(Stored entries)
□ □ □ □

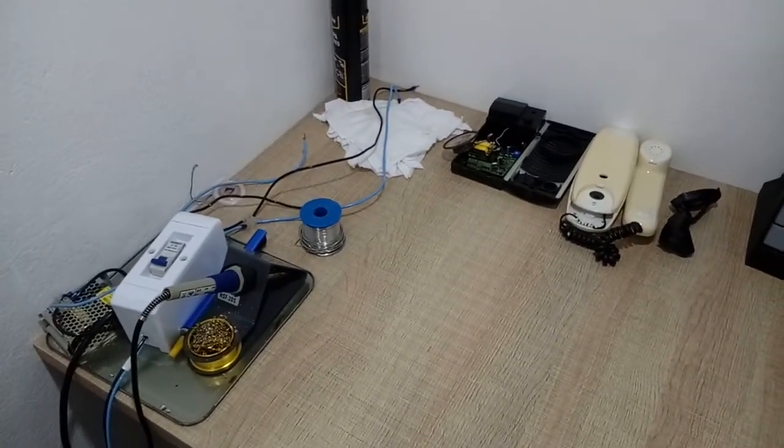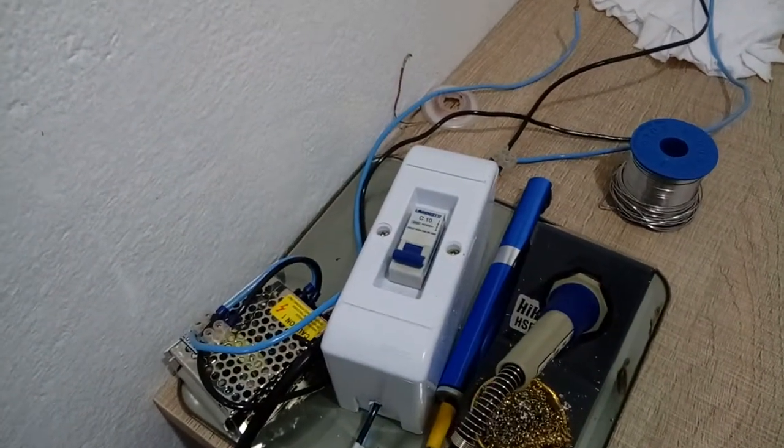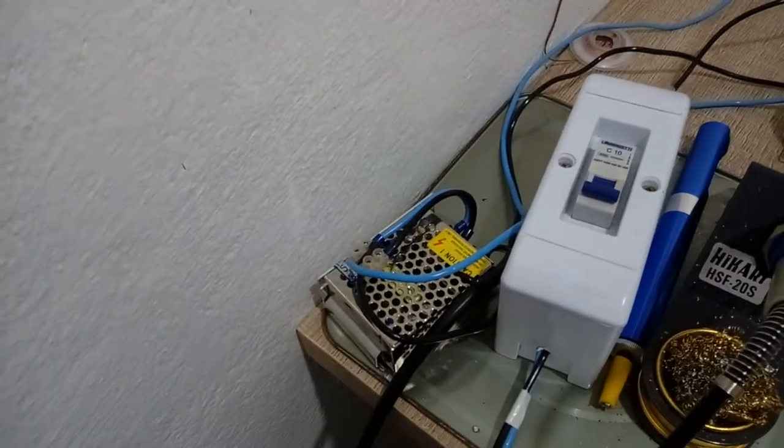My bench isn't complete by far but it is something already. This is my soldering iron. There is this mains circuit breaker and my 12 volts power supply I bought from China some time ago. And finally, this is me.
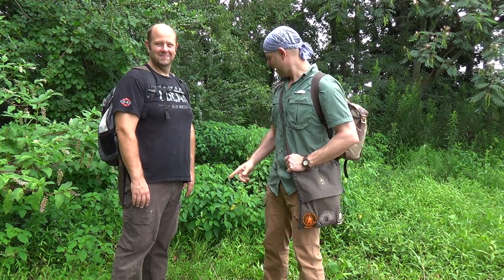Hello and welcome to the Black Hat Bushcraft Channel. Today I'm out with my cousin Jonathan and we got his kids with him too. We're having a good time scouting around the field. We're going to make some plantain and jewelweed salve. We've got a big patch of jewelweed right here behind us and we're going to collect some up. We're going to get this process started so stick with us.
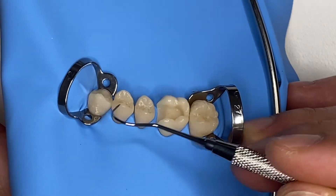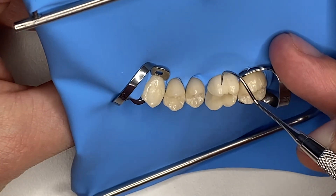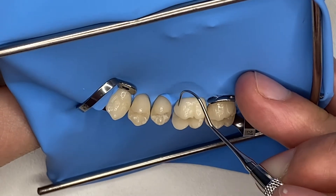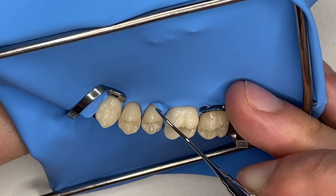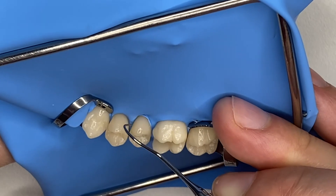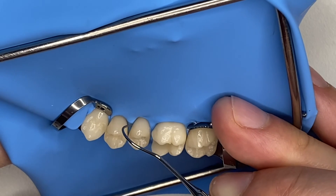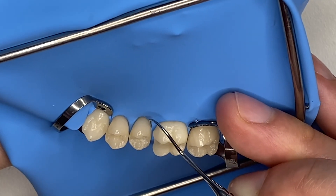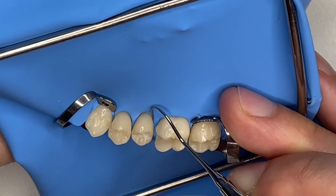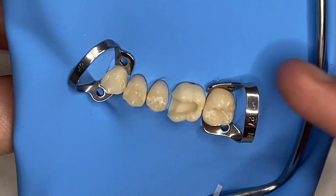Of course, you can also use your air spray — your unit's air spray — because you're going to have that at your disposal in the dental office. I place my probe here at a 45-degree angle and gingerly push the rubber dam distal to mesial, and then mesial to distal, just following the contour of the tooth. See you guys soon.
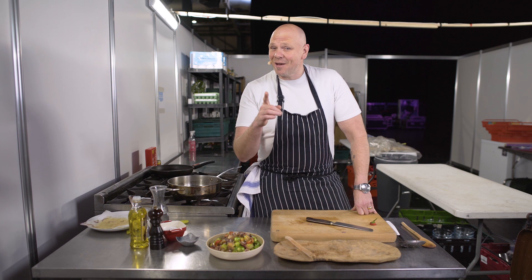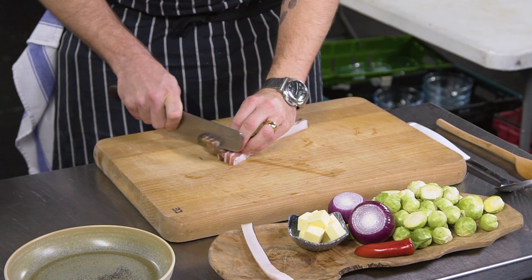Now sprouts have got a really bad reputation — either you love them or you hate them. I understand why people might hate them, because they're not being cooked properly. They're getting stuck in a pan of boiling water and boiled until they go brown and yellow and horrible. So this is the best way of cooking sprouts.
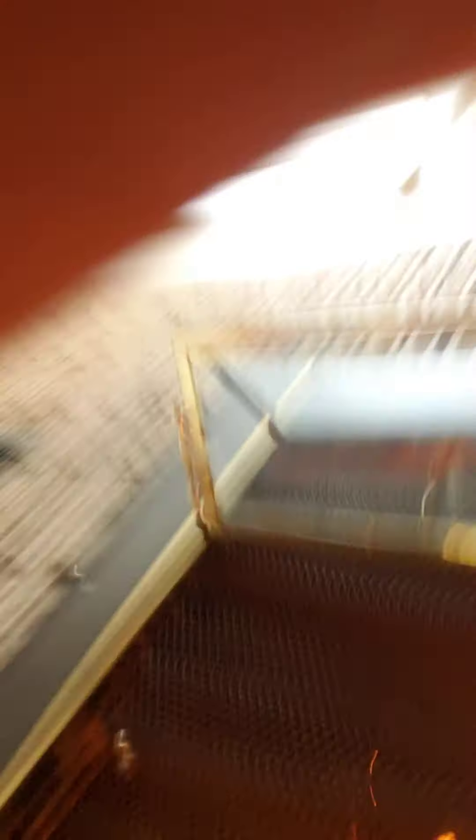You don't have to use this — use your logs if you want — but this is what I use. I'm gonna put it in now because the fire is looking really hot. I can actually feel the heat coming from here.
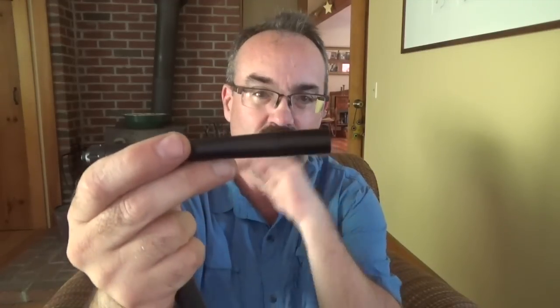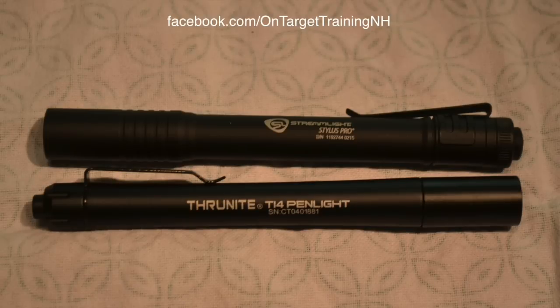The Thrunite is a little bit narrower, so there's that difference, although both have about the same length. The Streamlight is certainly known throughout the industry as a super high quality light — a lot of people like them — and this is a similar price point to the Thrunite.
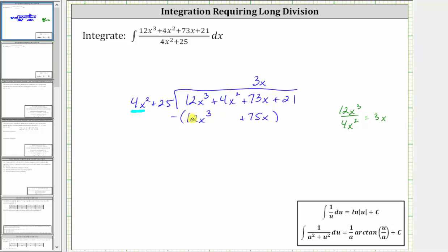And now we subtract. Instead of subtracting, though, it'll be easier to add the opposite. So we can change this to addition as long as we change the sign here and here. And now adding, this sum is zero, and we have 4x squared. And then 73x plus negative 75x is negative 2x, giving us minus 2x. And we still have the plus 21.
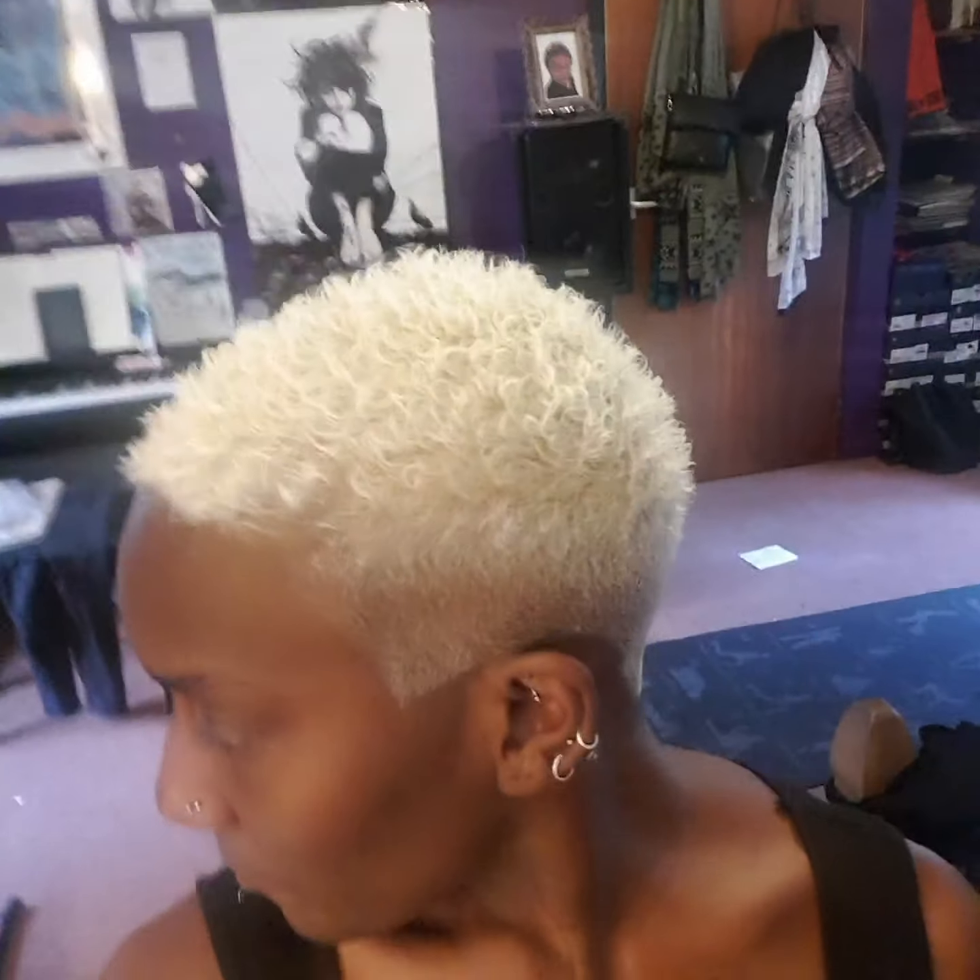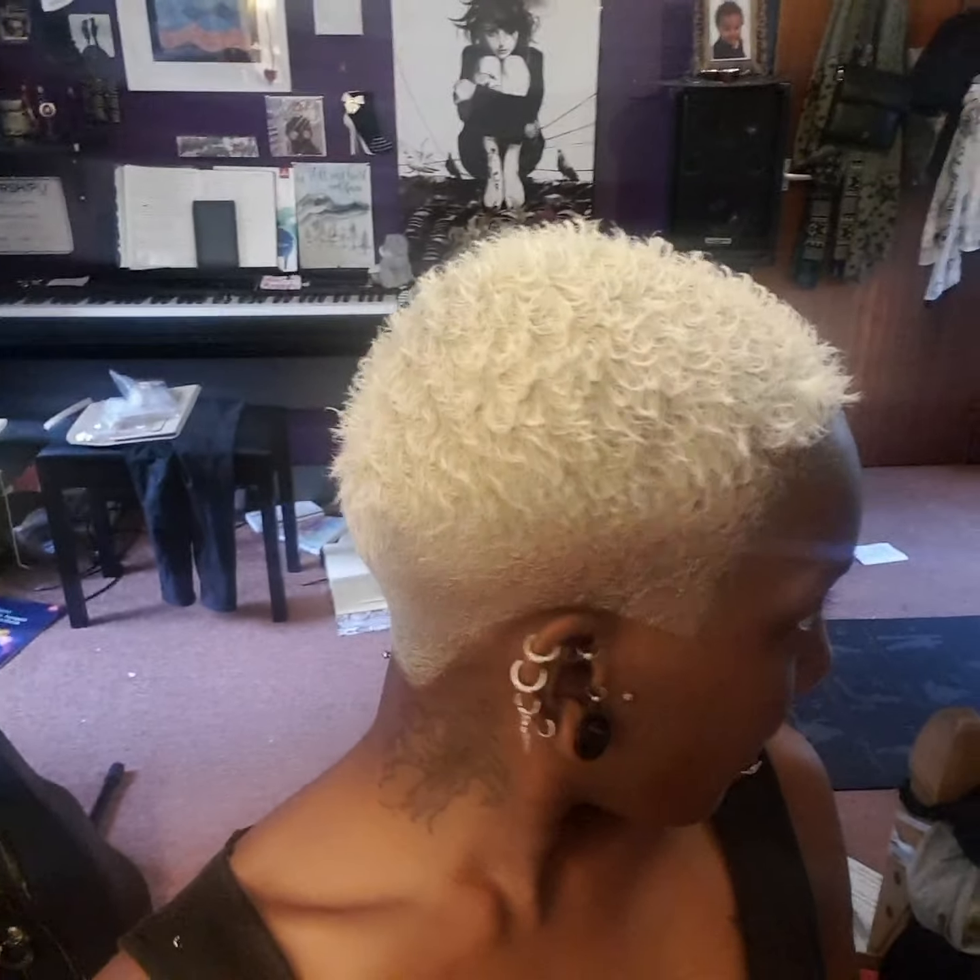There you go everybody, that is my hair. So first time bleach all over — I leave it on for an hour, then I do the sides again and leave it on for another hour, and that's usually all it needs. Thanks, bye!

□ □ □ □

Problem.
Without the pictures, repeat the entries above line by line, from the first through the one that contains "Hello and welcome", both ends included.

Final answer.
My bench isn't complete by far but it is something already. This is my soldering iron. There is this mains circuit breaker and my 12 volts power supply I bought from China some time ago. And finally, this is me.
Hello and welcome to the Black Hat Bushcraft Channel. Today I'm out with my cousin Jonathan and we got his kids with him too. We're having a good time scouting around the field. We're going to make some plantain and jewelweed salve. We've got a big patch of jewelweed right here behind us and we're going to collect some up. We're going to get this process started so stick with us.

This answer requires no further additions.